All the stuff and nonsense of Groundhog Day goes back to Candlemas Day, an ancient Christian tradition celebrating 40 days after Christmas, when Joseph and Mary brought the infant Jesus to the temple in Jerusalem to be blessed and the elderly holy man, Simeon, proclaims the baby “to be the light to the world.”
Candlemas has been celebrated since the 4th Century and is traditionally the day when people bring candles to their church to be blessed by the priest. The day has roots in ancient pagan traditions of lighting candles midway between the Winter Solstice and the Spring Equinox.
There is a tradition that the weather on Candlemas Day would be an indicator of weather for the rest of the winter, as told in this rhyme.
“If Candlemas Day be fair and bright
Winter will have another fight.
If Candlemas Day brings cloud and rain,
Winter won’t come again.”
There’s another tradition, that if people don’t take down their Christmas decorations on the 12th Day of Christmas, January 6, they must leave them up until Candlemas Day.
Meanwhile, back in Punxsutawney, part of the storyline about Phil the Groundhog is that the 1886 Phil is the same as the Phil of today, and that his secret to longevity is a drink of “groundhog punch” given to Phil at the annual Groundhog Picnic every fall. In real life, however, a woodchuck’s normal lifespan is just six years.
According to Wikipedia, the annual event is scripted ahead of time. While two scrolls are prepared ahead of time, Phil supposedly whispers his forecast to the President of the Inner Circle in “Groundhogese,” which only the President understands, and Phil tells him which scroll to select. In actuality, the weather at Gobbler’s Knob is often opposite of what it should be based on the scroll’s proclamation.
The proclamation is also wrong much of the time as far as predicting future weather. Nevertheless, the Inner Circle maintains that Phil the Groundhog is 100 percent correct. If it seems that he’s wrong it’s because the President of the Inner Circle made an error in translating Phil’s Groundhogese.
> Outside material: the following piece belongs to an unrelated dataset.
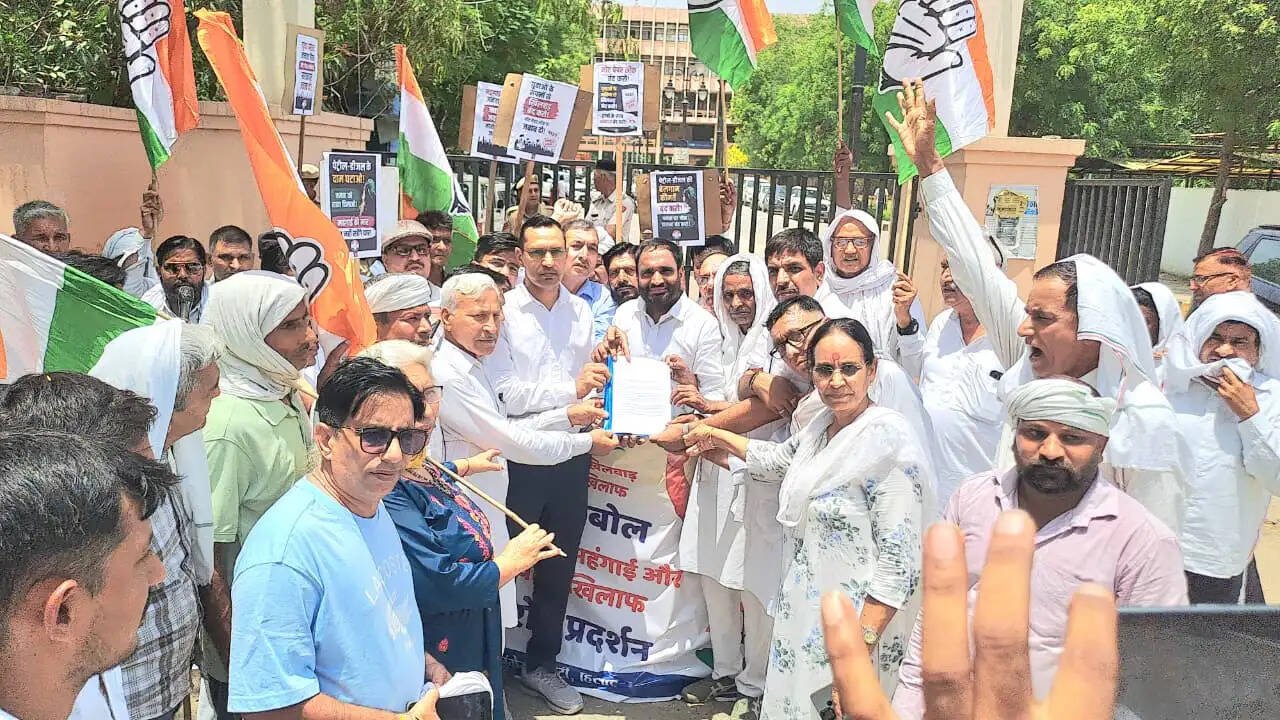 हिसार : पेट्रोल-डीजल मूल्य वृद्धि व नीट पेपर लीक के खिलाफ कांग्रेस ने किया प्रदर्शन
On the other hand, impartial observers of Phil’s predictions place his accuracy as more like between 35 and 40 percent.
Groundhogs, or woodchucks, are not found in Montana, though two of its cousins are native. The Yellow-bellied Marmot and the Hoary Marmot, also called rockchucks, are Montana residents.
Presumably, their predictions are just as accurate as Phil’s guesses, though as they’re deep in hibernation, it might be difficult to interpret “rockchuckese.”